The principal cause of wearing or erosion of concrete surface is due to the action of flowing water containing abrasive materials or due to the attrition and impact of traffic wear is also caused by cavitation in hydraulic structure or by wind blasting.
Permeability of Concrete:
Problems of durability arise when the concrete is permeable to sulphates, chlorides and acid bearing solutions. Impermeability imports automatic resistance to all destructive influences. Good, strong, homogenous concrete prepared from good quality aggregates at low w/c ratios properly compacted and cured is practically impervious.

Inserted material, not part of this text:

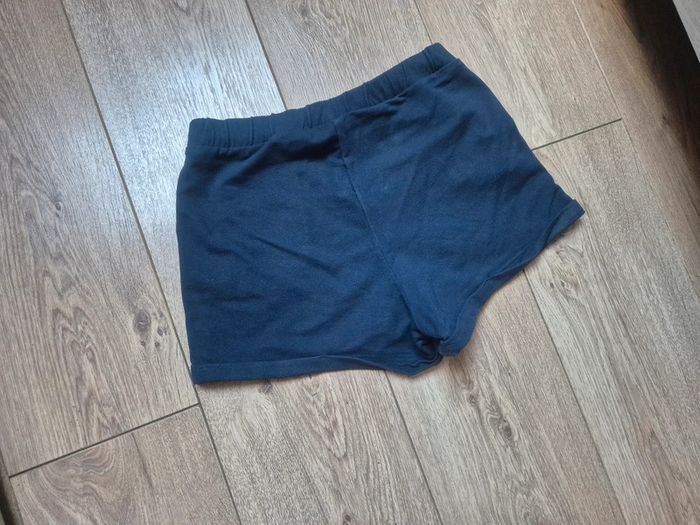 Short okaidi bleu foncé 12 ans en très bon état - photo numéro 3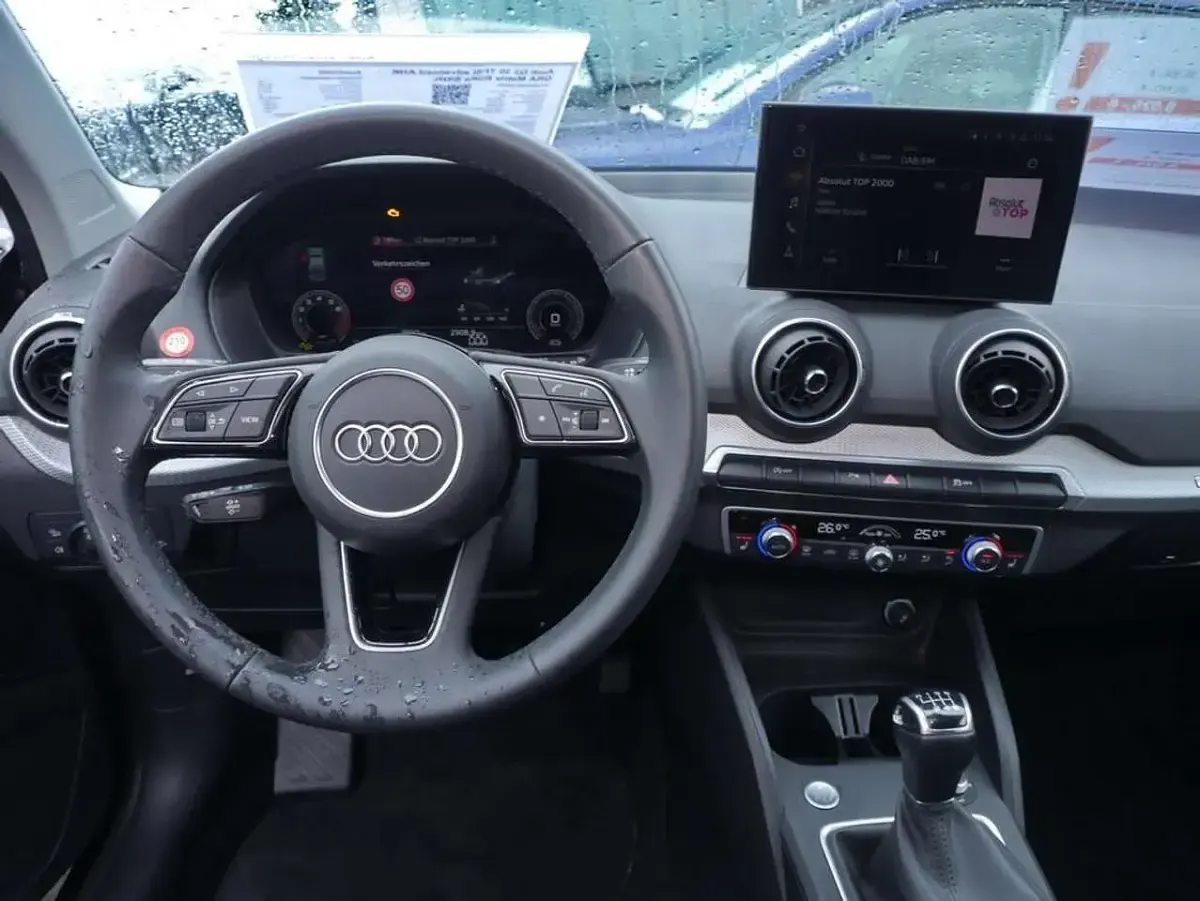 Gebraucht Audi Q2 Advanced 116 PS (85 kW) 2025 Mythosschwarz metallic SUV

Corrosion of Reinforcement:
As most of the structural concrete is reinforced the essential Requirement of good concrete is its ability to provide protection to the embedded steel even in aggressive marine environments. One of the prerequisites to provide protection and to stall the carbonation from reaching the reinforcement in a polluted atmosphere is to ensure good coverage in addition to fixing the limits of chloride level.
Good concrete is capable of resisting dimensional changes which lead to cracking. The likelihood and the amount of cracking depends on the following :
- Contraction by drying or cooling
- Restraint – may be internal, external, full or partial,
- Elasticity or stiffness,
- Tensile strength
For reduced tendency of cracking, essential properties of the concrete are :
- Low thermal coefficient of expansion
- Low drying shrinkage
- Absence of internal or external restraint,
- Low elasticity
- High creep
- High extensibility
- High tensile strength
The principal properties, their interrelationships and the elements which control these properties are discussed above. A good concrete should meet the above requirements.